So just summarizing, so I think Ishwar did a pretty good job of going over what CXL consortium is. And so again, I want to highlight that the momentum is growing. As you can see, we have more and more members. I think the number of members, we're having a hard time keeping the count of the member count straight. If you can see the number here is different than the one that Ishwar showed. This is how added new members over the last week or so looks like. And we have been very responsive to industry needs. That's really the reason why I think we are seeing the momentum. As you can see from the ECN description, we are able to quickly get to the problem that industry needs us to solve. Work through different work groups, build a proposal, and then come out with a solution really quickly and not have to wait for the next spin of the spin. We are finding that there is a lot of excitement in being able to use memory attachment or even personal memory to the CXL devices. We have pretty robust driver software model. And so the call to action today really is if you are not, please join the consortium. There's different levels at which you can join the consortium and contribute to this movement. So again, if you have problems that need to be solved or if you have solutions that you think you can offer to the consortium, this is the best way to do that is by joining the consortium and contributing. Now I think we'll have time for Q&A.

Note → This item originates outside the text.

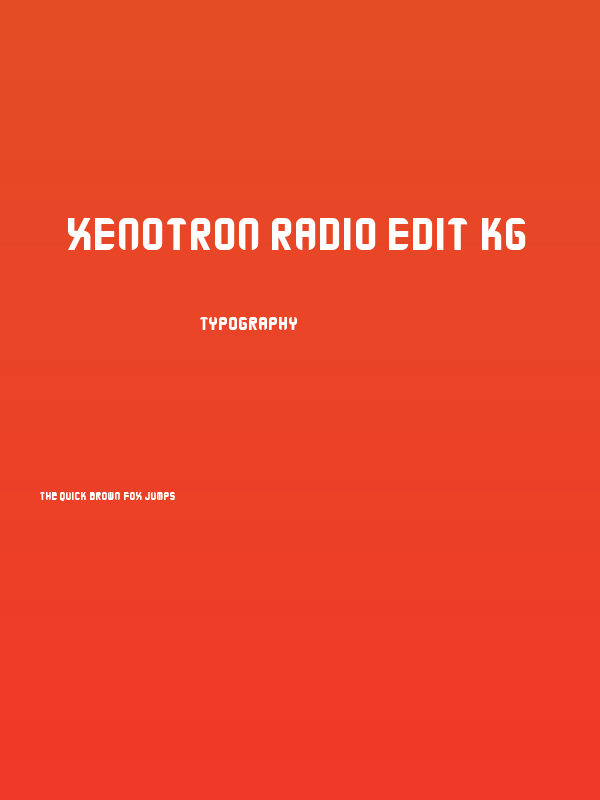 Xenotron Radio Edit KG Poster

Yes. Thank you, Mahesh. Thank you, Ishwar. So we will now begin the Q&A portion of the webinar. So please do share your questions in the question box.
There is one question there already that we can take. Do you want to take it? There is one question there already that we can take, which is how do we distinguish the original 2.0 spec versus 2.0 with ECN? Will the spec version be revised to be 2.1? Mahesh, do you want to take that?

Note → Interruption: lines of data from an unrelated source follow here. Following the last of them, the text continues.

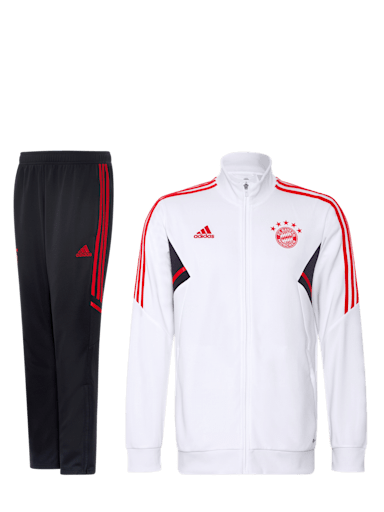 Kinderen Trainingspak Teamline wit Offizieller FC Bayern Store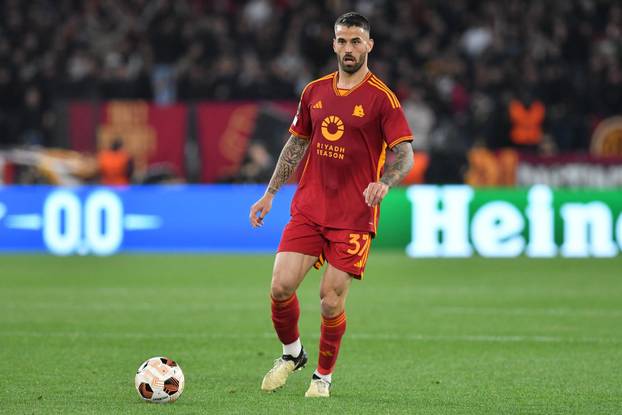 Football Europa League match - AS Roma vs Bayer 04 Leverkusen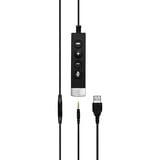 EPOS | Sennheiser IMPACT SC 665 USB Auricolare Cablato A Padiglione Musica e Chiamate USB tipo A Nero, Argento, Headset Nero, Cablato, Musica e Chiamate, 50 - 18000 Hz, 95 g, Auricolare, Nero, Argento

I was hoping you would take that. But yeah, there's no plan to do a 2.1. I think we have the ECNs posted in the same spot as the 2.0 specification. And when we do the next spec revision, they will be rolled into the next spec revision. But there's no plan to do a 2.1.
So in general, the process with ECN is that once the ECNs have been ratified, they are considered part of the baseline 2.0 specification or whichever specification the ECN has been targeted at. So all of these ECNs that we are talking about today are ECNs to 2.0. So once the ECNs are ratified, they're posted separately. And whenever the document containing the spec is revised, the ECNs are folded into it so that they're not in separate documents anymore.
We do have a question here about, is there any support for OSX Linux for IDE?
So I would say a lot of the links work is happening in the open source community. I'm not aware of any code that's being upstream right now or perhaps that's been delivered that enables IDE, but I'm expecting that will happen pretty soon.As we start seeing devices, designs that take advantage of IDE.
One additional question about where can we find the compliance tests?
The CXL spec has a chapter, chapter 14 that lists various compliance tests and these ECN that we talked about sort of complement that, right? So the test themselves, I'd like to find what the link is, but the content of what they plan to test is in the CXL spec itself.Ishwar, do you know where the compliance tests themselves are posted?
I believe some of the content is under the compliance work group. They have some hyperlinks, but the content of the test is really spelled out in the chapters as you correctly said.
And the latest version of the 2.0 with the ECNs are available on the CXL consortium website, so it's computeexpresslink.org. When you go to download the specification page, you will be able to download all this 2.0 specification with all the ECNs.
Okay, so once again, we would like to thank you for attending the CXL consortium's overview of the Compute Express Link 2.0 ECN webinar. Thank you, good day.